■ Action item:
In your reply, print every line of the listing exactly and omit all images.

■ Available data:
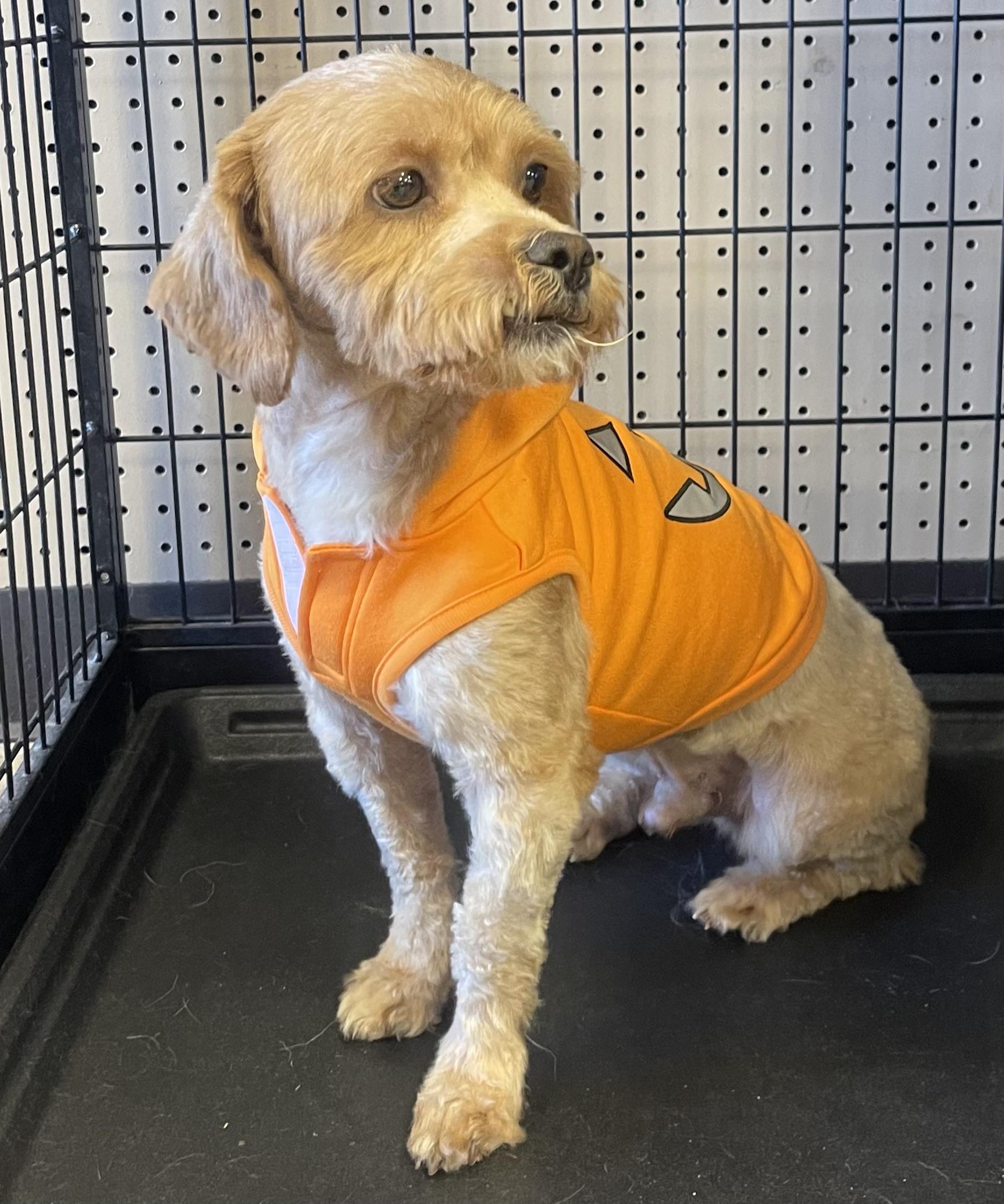 Enlarge Jerry, an adopted mixed breed in Godfrey, IL image 2/6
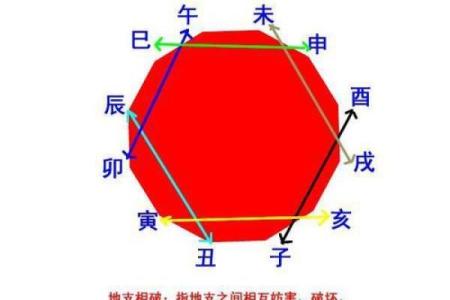 生肖破月：揭秘十二生肖背后的神秘力量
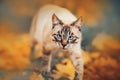 Portrait of a Thai tabby cat with blue eyes, who walks on an autumn day among fallen yellow maple leaves. Nature in September. A Royalty Free Stock Photo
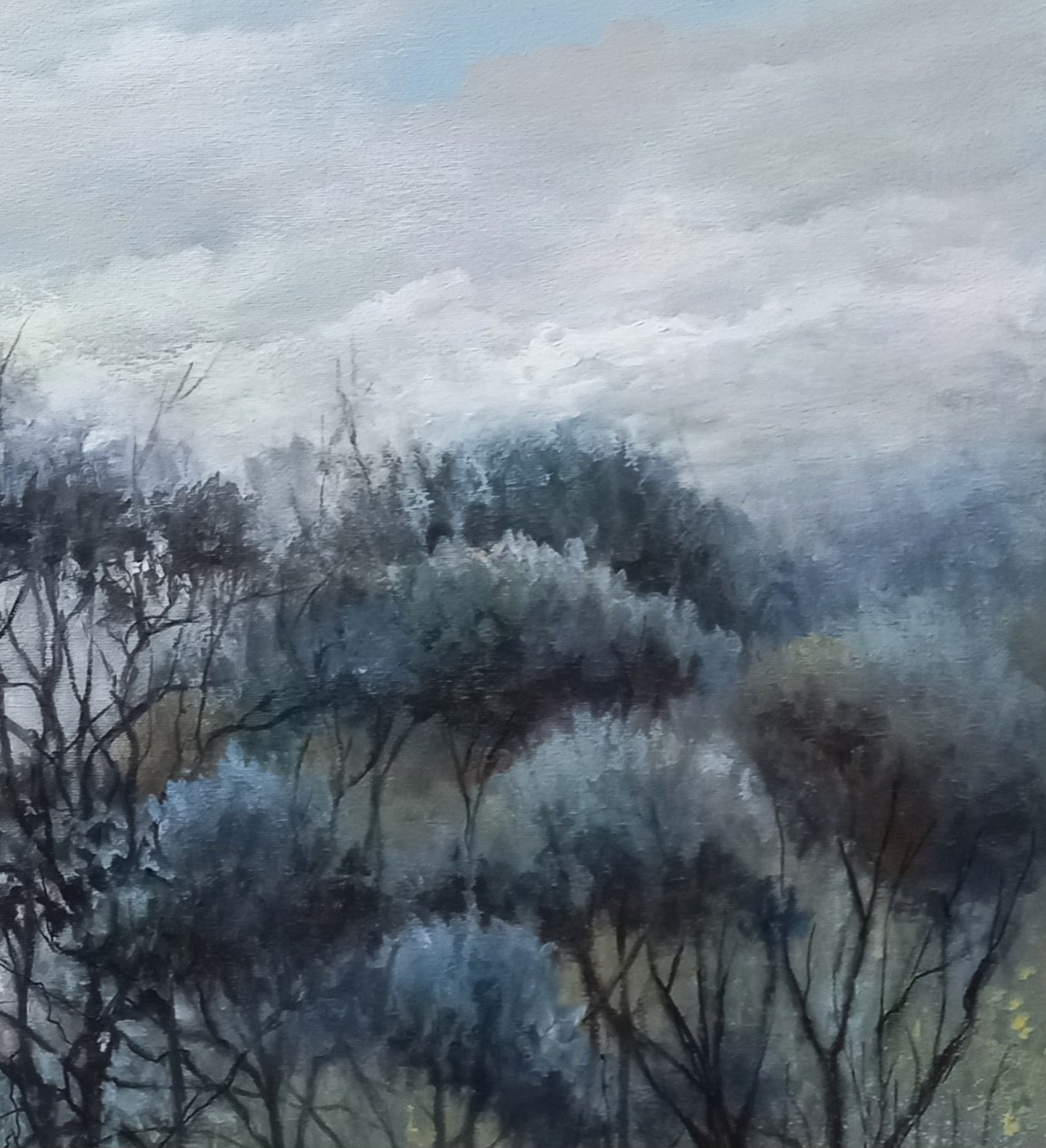 Tapscanner 19 08 2024 12꞉18 20240819 184137 724 57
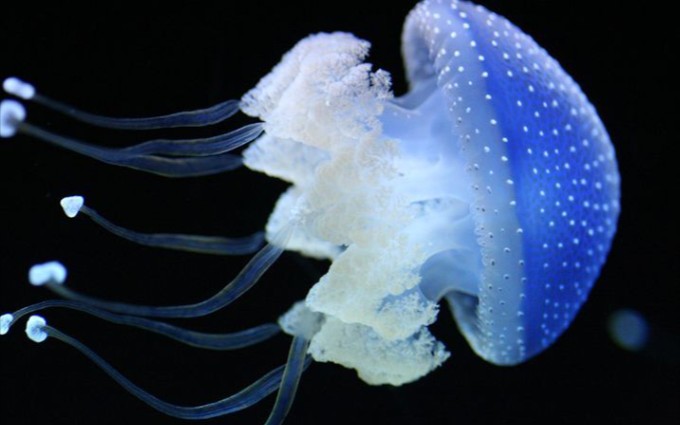 [水母科普]澳洲渔民最不喜欢的水母——马赛克水母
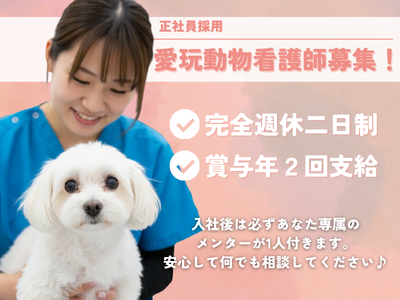 株式会社ＨＡＭＥＣの求人・転職情報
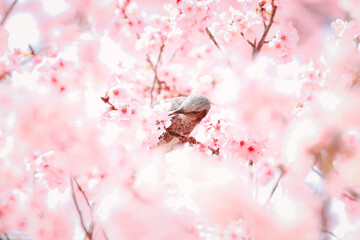河津桜と鳥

■ Solution to this task:
 Enlarge Jerry, an adopted mixed breed in Godfrey, IL image 2/6
 生肖破月：揭秘十二生肖背后的神秘力量
 Portrait of a Thai tabby cat with blue eyes, who walks on an autumn day among fallen yellow maple leaves. Nature in September. A Royalty Free Stock Photo
 Tapscanner 19 08 2024 12꞉18 20240819 184137 724 57
 [水母科普]澳洲渔民最不喜欢的水母——马赛克水母
 株式会社ＨＡＭＥＣの求人・転職情報
河津桜と鳥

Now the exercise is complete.